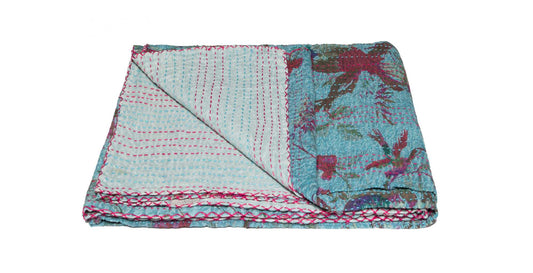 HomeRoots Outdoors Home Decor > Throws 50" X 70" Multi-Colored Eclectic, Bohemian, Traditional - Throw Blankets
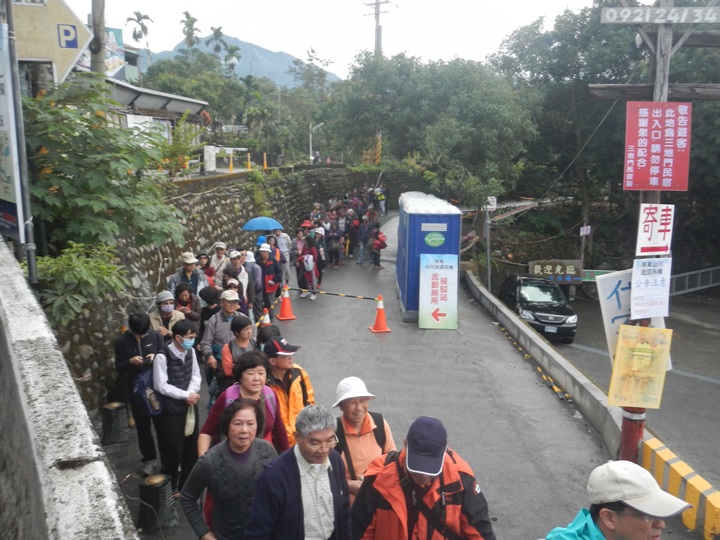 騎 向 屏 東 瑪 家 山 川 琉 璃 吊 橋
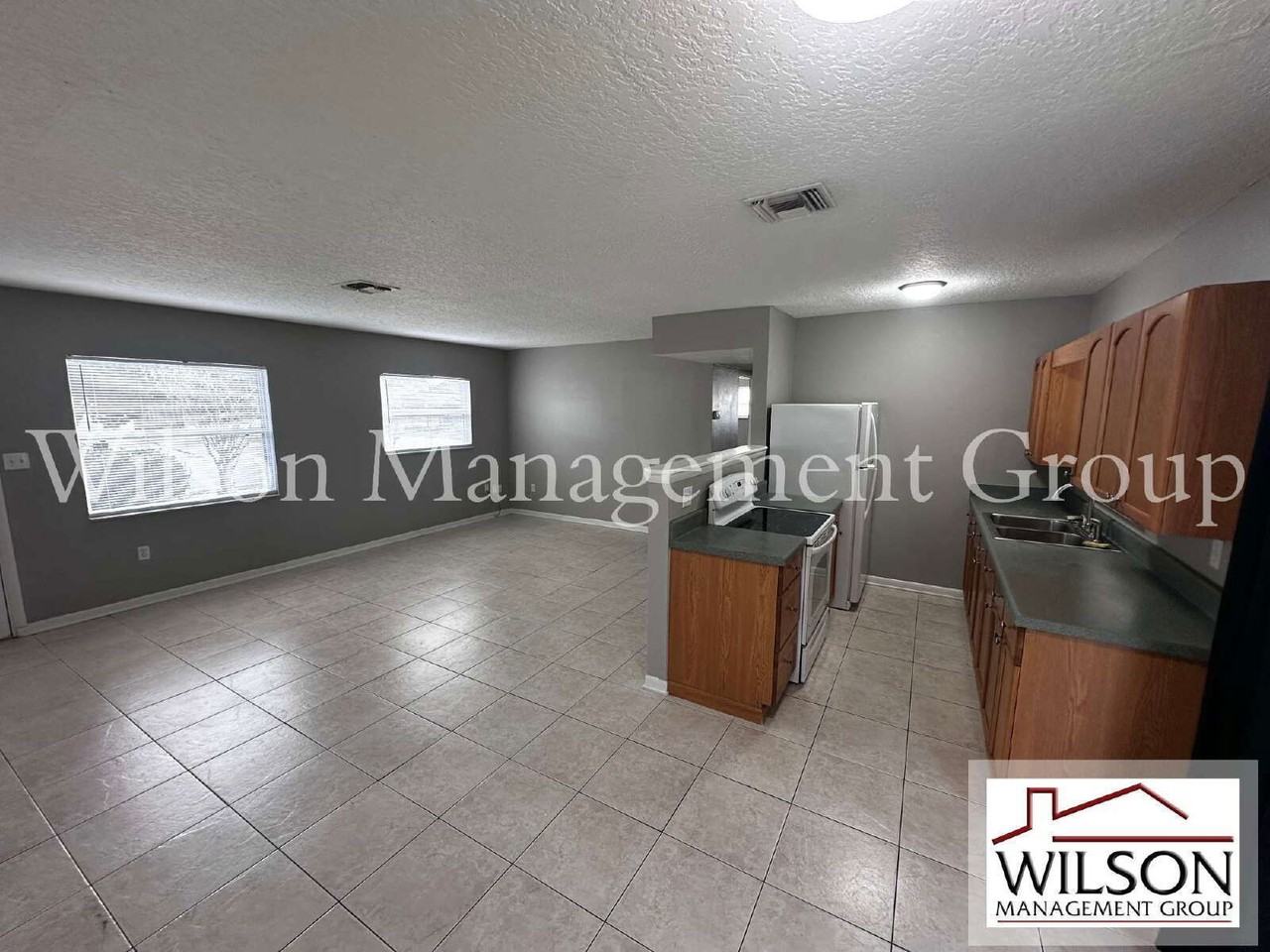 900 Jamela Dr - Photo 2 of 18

→ **Prompt**
Print the listing above in full, exactly as written. Omit any pictures.

→ **Response below**
 HomeRoots Outdoors Home Decor > Throws 50" X 70" Multi-Colored Eclectic, Bohemian, Traditional - Throw Blankets
 騎 向 屏 東 瑪 家 山 川 琉 璃 吊 橋
 900 Jamela Dr - Photo 2 of 18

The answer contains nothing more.